*** Begin section ***
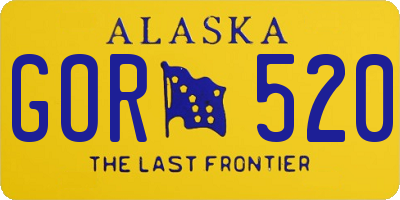 AK license plate GOR520
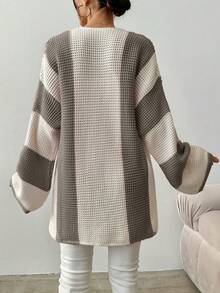 SHEIN Women's Color Block Batwing Sleeve Cardigan Without Belt - Mocha Brown - View 2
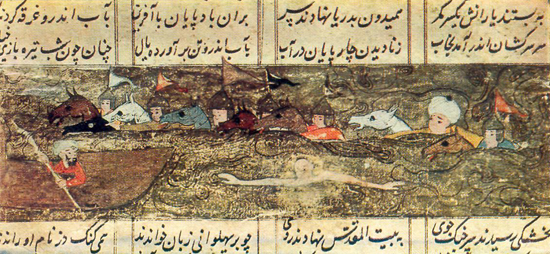 Muhammad   Murad   Samarkandi FERIDUN   AND   HIS   MEN   CROSS   THE ERVEND (TIGRIS), Firdawsi. Shah-nama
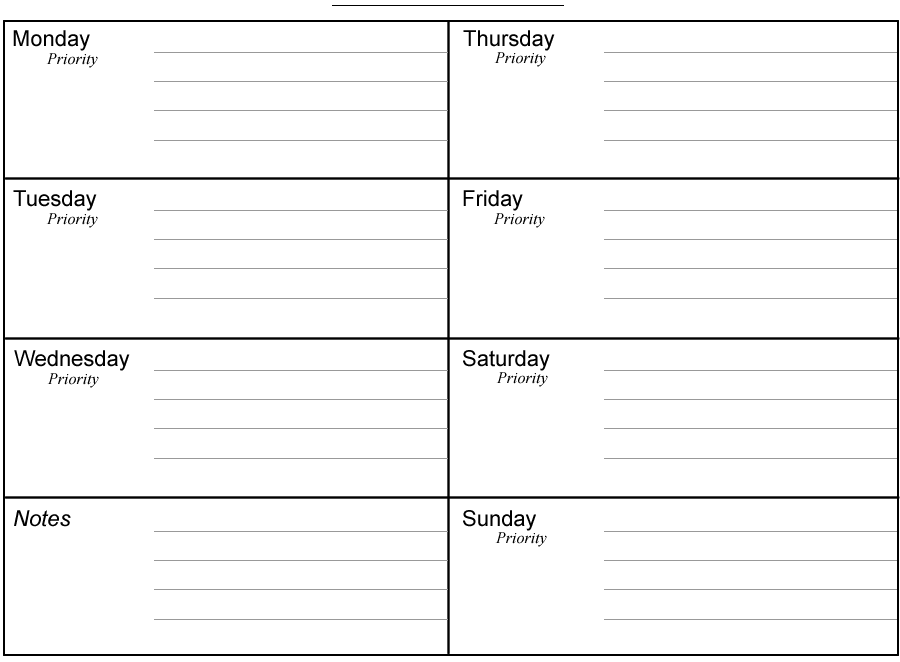 8+ Printable Weekly Calendars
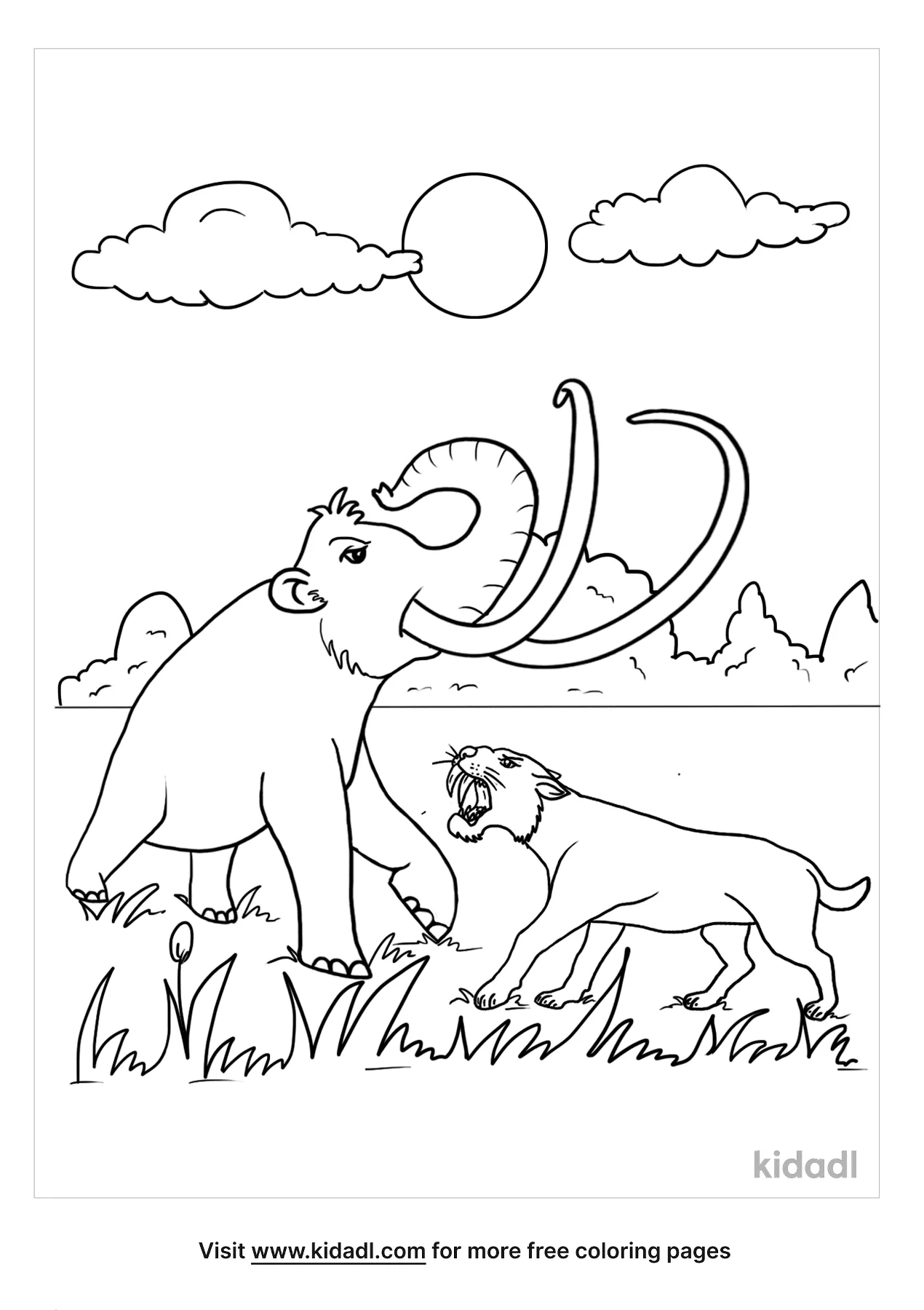 Free saber tooth tiger fighting a mamoth coloring page coloring page printables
*** End section ***
◆ Goal of the exercise: Transcribe exactly the lines running from the line with "(TIGRIS), Firdawsi. Shah-nama" to the last line of the entries. Pictures stay out of the copy.

◆ Solution:
 Muhammad   Murad   Samarkandi FERIDUN   AND   HIS   MEN   CROSS   THE ERVEND (TIGRIS), Firdawsi. Shah-nama
 8+ Printable Weekly Calendars
 Free saber tooth tiger fighting a mamoth coloring page coloring page printables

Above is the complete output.